The total complexity is linear in the input size across all test cases, which fits comfortably within the limits even when the sum of $n$ reaches $10^6$.

Test Cases

import sys, io

def run(inp: str) -> str:
    sys.stdin = io.StringIO(inp)
    import sys
    input = sys.stdin.readline

    T = int(input())
    out = []
    for _ in range(T):
        n, m = map(int, input().split())
        _ = list(map(int, input().split()))
        for _ in range(n - 1):
            input()
        k = n - m
        out.append(str((k + 1) // 2))
    return "\n".join(out)

# sample-style checks
assert run("""1
3 1
1
1 2
1 3
""") == "1"

assert run("""1
5 2
1 3
1 2
1 3
3 4
3 5
""") == "2"

# minimum case
assert run("""1
3 0
1 2 3
1 2
2 3
""") == "2"

# all already completed
assert run("""1
4 4
1 2 3 4
1 2
2 3
3 4
""") == "0"

# chain structure
assert run("""1
6 1
1
1 2
2 3
3 4
4 5
5 6
""") == "3"
Test input Expected output What it validates
chain with single anchor 3 linear propagation works
fully completed 0 no operations needed
minimum tree 2 ceiling behavior

Edge Cases

One corner case is when there are no initially completed nodes.
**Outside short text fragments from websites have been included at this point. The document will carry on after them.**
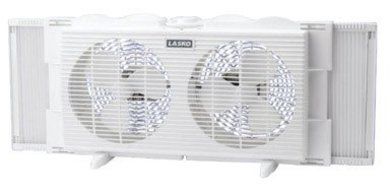 WINDOW FAN 7" TWIN by LASKO MfrPartNo 2137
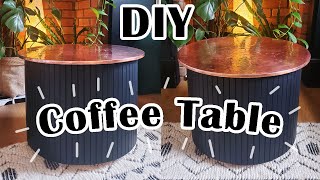 DIY Fluted Coffee Table  Ikea Hack  Wood  Copper [upl. by Heyward]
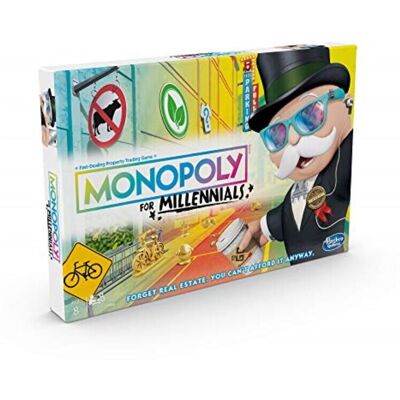 Hasbro Gaming Monopoly for Millennials Board Game Hasbro Gaming Monopoly for Millennials Board Game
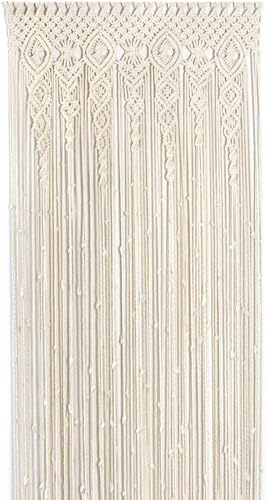 Cortina De Cuerda, Cortinas De - Cortina De Mano, Cortinas De Cuerda De Puerta Tapiz - Arte Decoración del Hogar para Puerta Y Ventana (90 * 180cm)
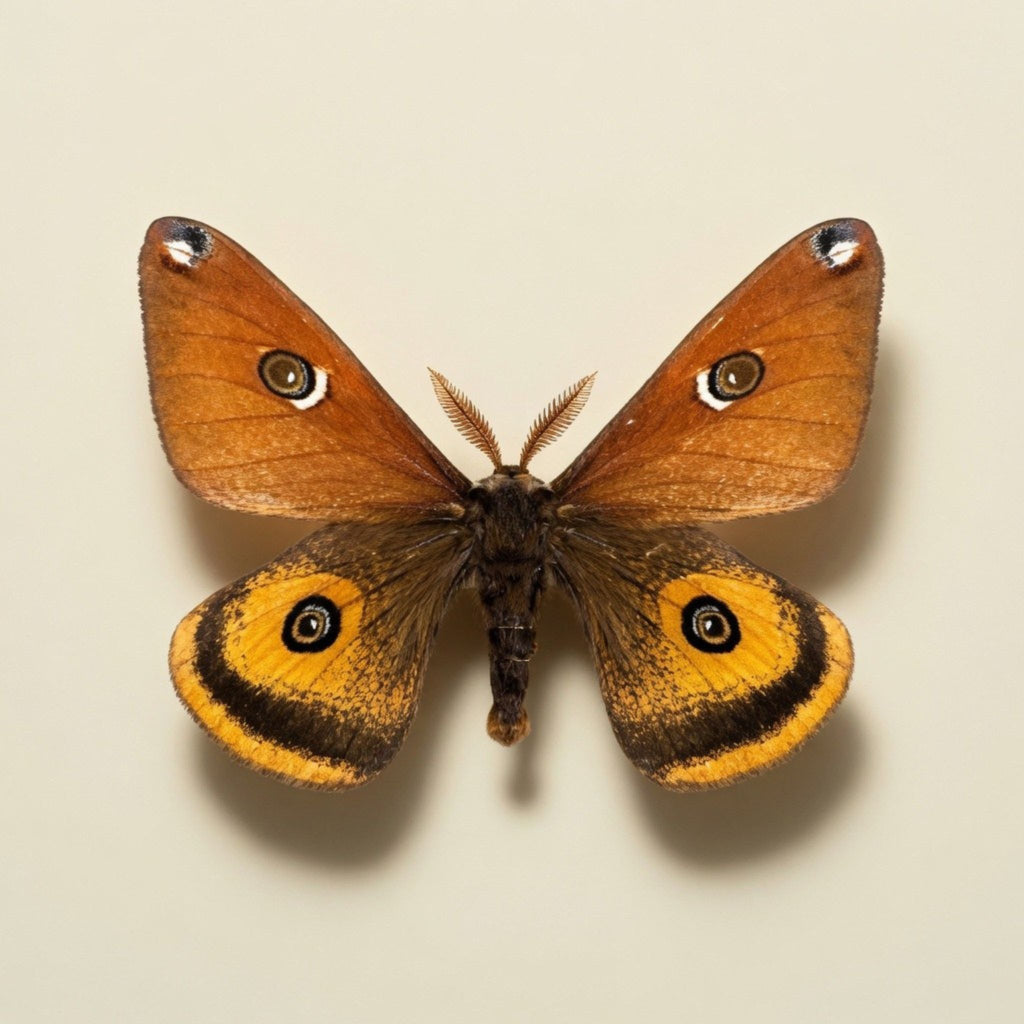Saturnia walterorum Pinned Specimen – Wings Spread Male Silk Moth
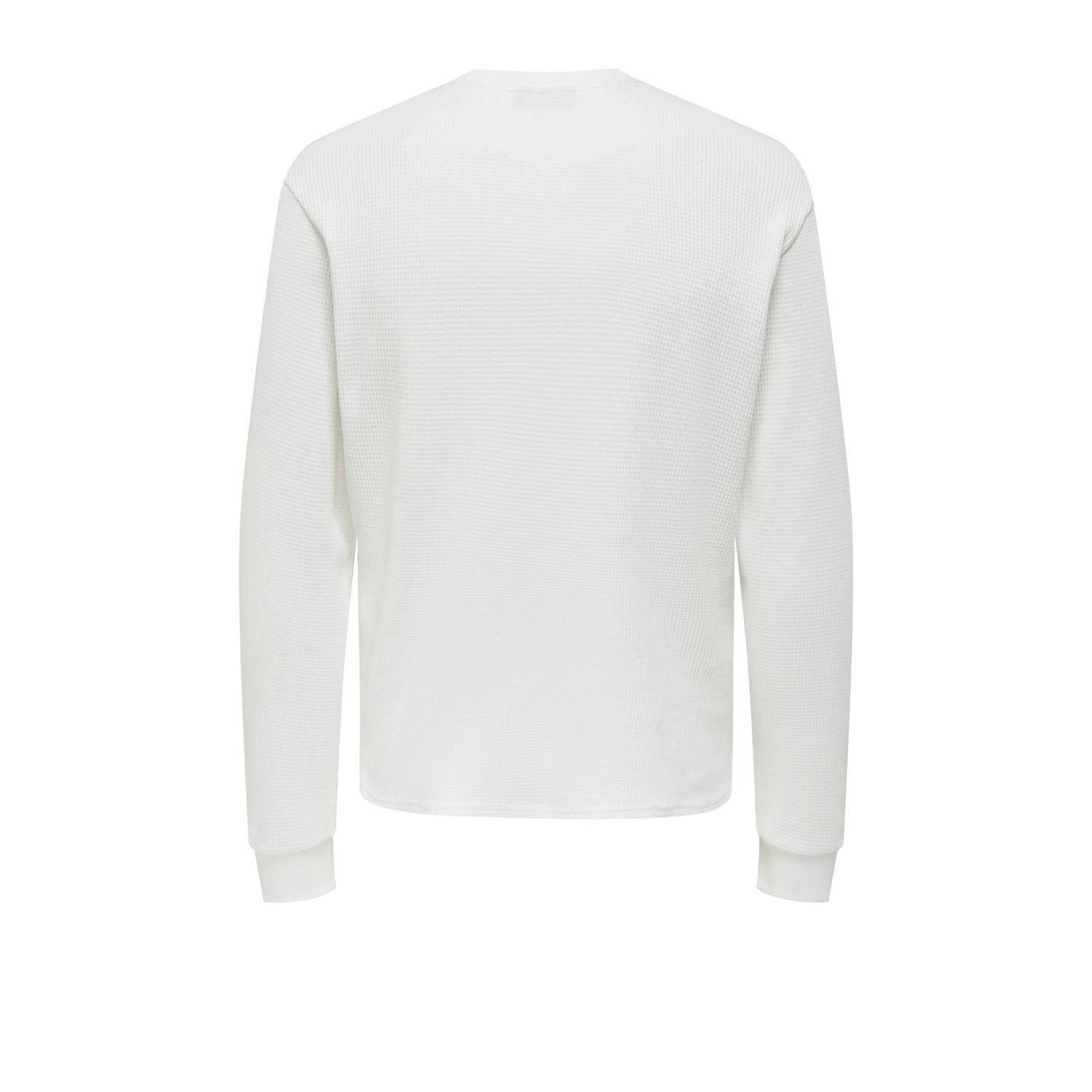 ONLY & SONS longsleeve met textuur wit
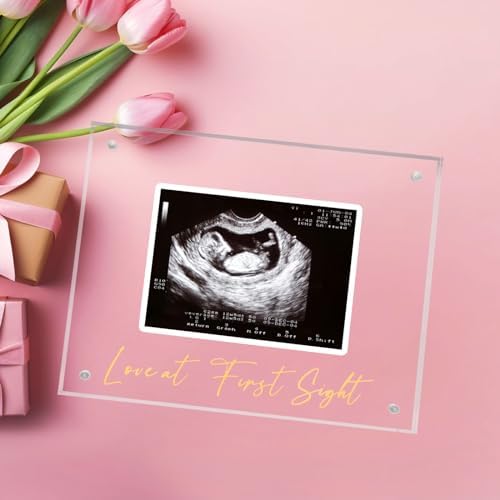 Acrylic Ultrasound Picture Frame - Unique Baby Keepsake
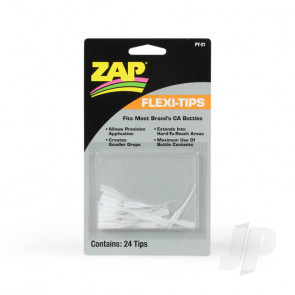 Zap PT21 Flexi-Tips CA Cyano Super Glue Applicators (24pcs)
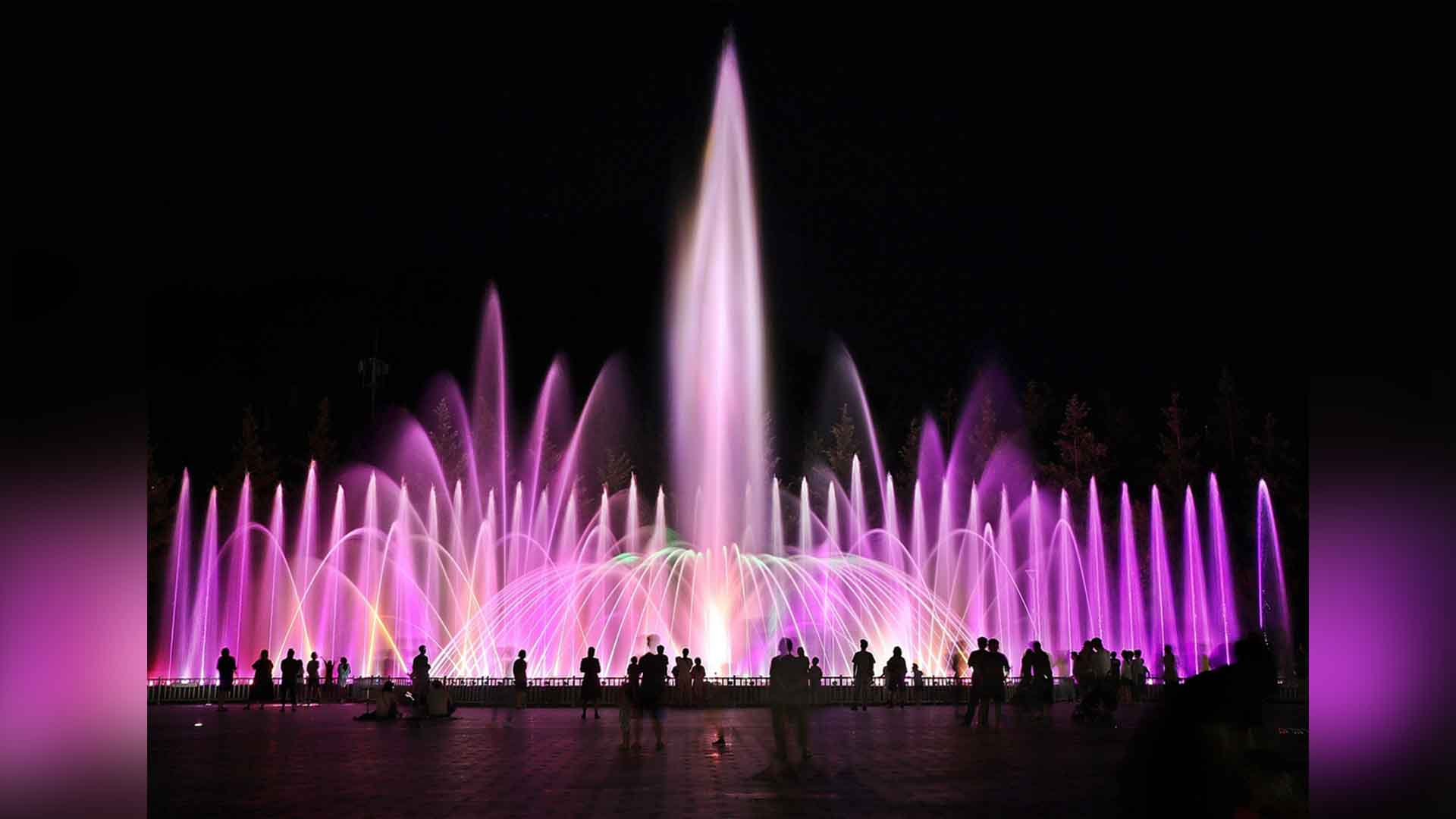 정읍 내장산 워터파크 음악분수 가동..10월까지 매일 운영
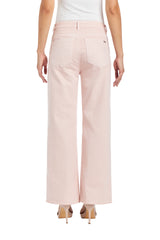 Alice - High Rise Wide Straight Ankle Crop Fray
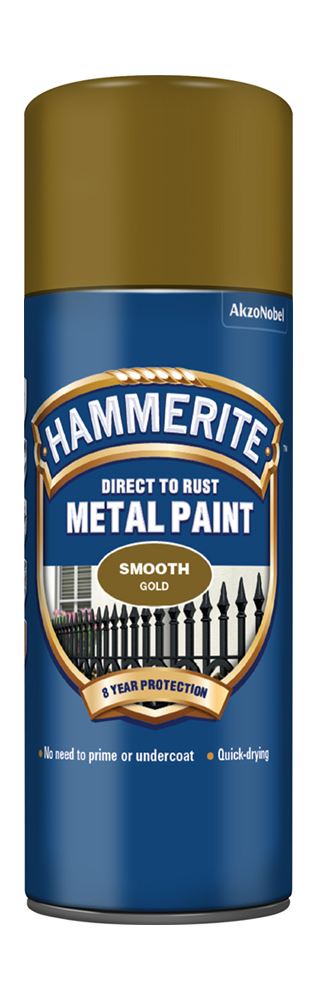 Hammerite 073 Smooth Metal Paint Gold - 400ml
For example, in a three-node tree with $m = 0$, the first operation must still select a connected triple, which is always possible because any three nodes in a tree are connected via the unique path structure. After that first operation, all three nodes become completed, creating the anchor required for subsequent steps. The formula still returns $\lceil n/2 \rceil$, which matches this behavior.

Another case is when only one node remains uncompleted. For instance, if $n = 5$ and $m = 4$, then $k = 1$. The formula gives $1$, but a single operation is still valid because we can select that node together with any edge-connected pair involving a completed node, ensuring a connected triple. The extra two nodes in the operation are already completed, which is allowed since operations do not require all three to be new.

Finally, highly skewed trees like long chains do not change anything. Even though the structure looks restrictive, the ability to choose any connected triple means we are never forced into a particular local configuration, and the counting argument remains exact.